#### Given records
::::::::::

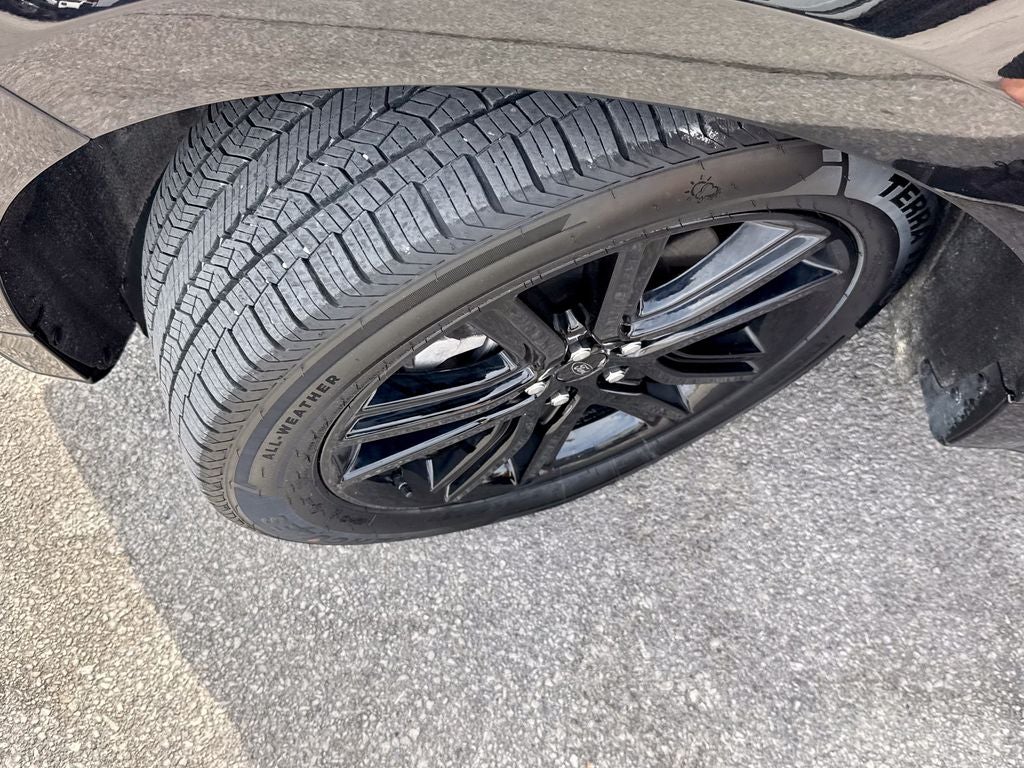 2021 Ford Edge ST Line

::::::::::

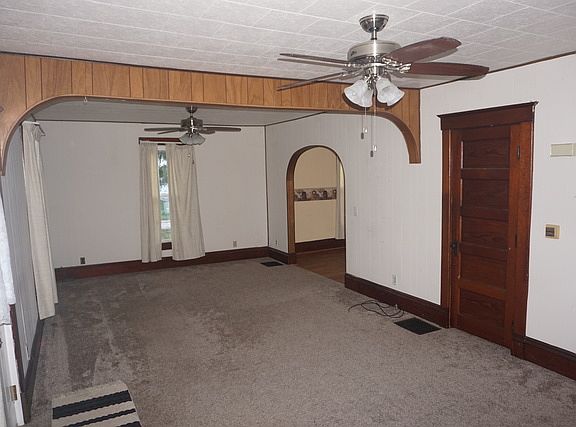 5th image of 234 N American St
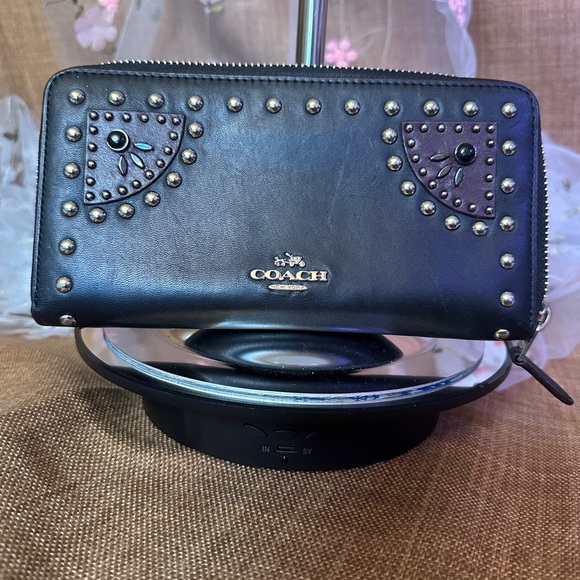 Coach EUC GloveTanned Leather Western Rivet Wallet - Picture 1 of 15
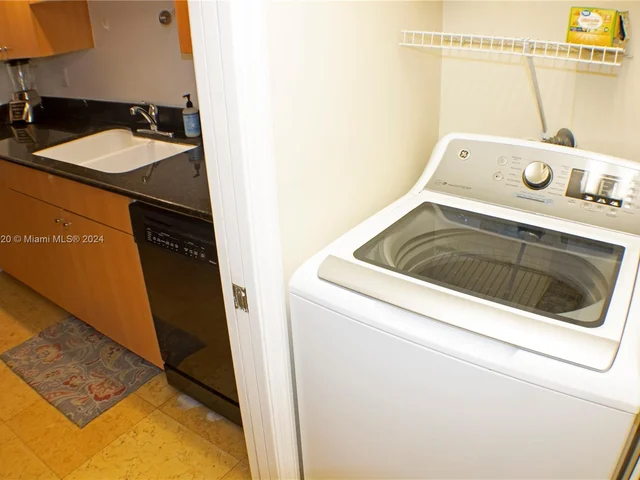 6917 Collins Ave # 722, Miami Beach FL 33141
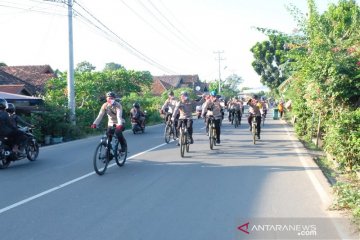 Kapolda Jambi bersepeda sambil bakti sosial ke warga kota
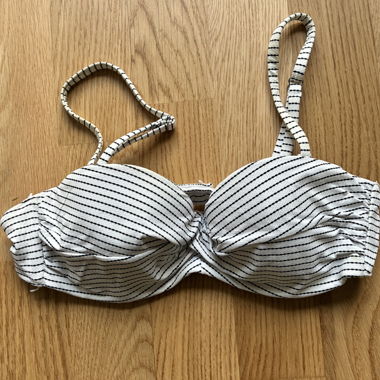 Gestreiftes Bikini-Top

::::::::::

Repeat exactly the lines above, beginning at the one containing "6917 Collins Ave # 722, Miami Beach FL 33141" and ending at the one containing "Gestreiftes Bikini-Top". Do not carry over any pictures.

#### Exercise result
 6917 Collins Ave # 722, Miami Beach FL 33141
 Kapolda Jambi bersepeda sambil bakti sosial ke warga kota
 Gestreiftes Bikini-Top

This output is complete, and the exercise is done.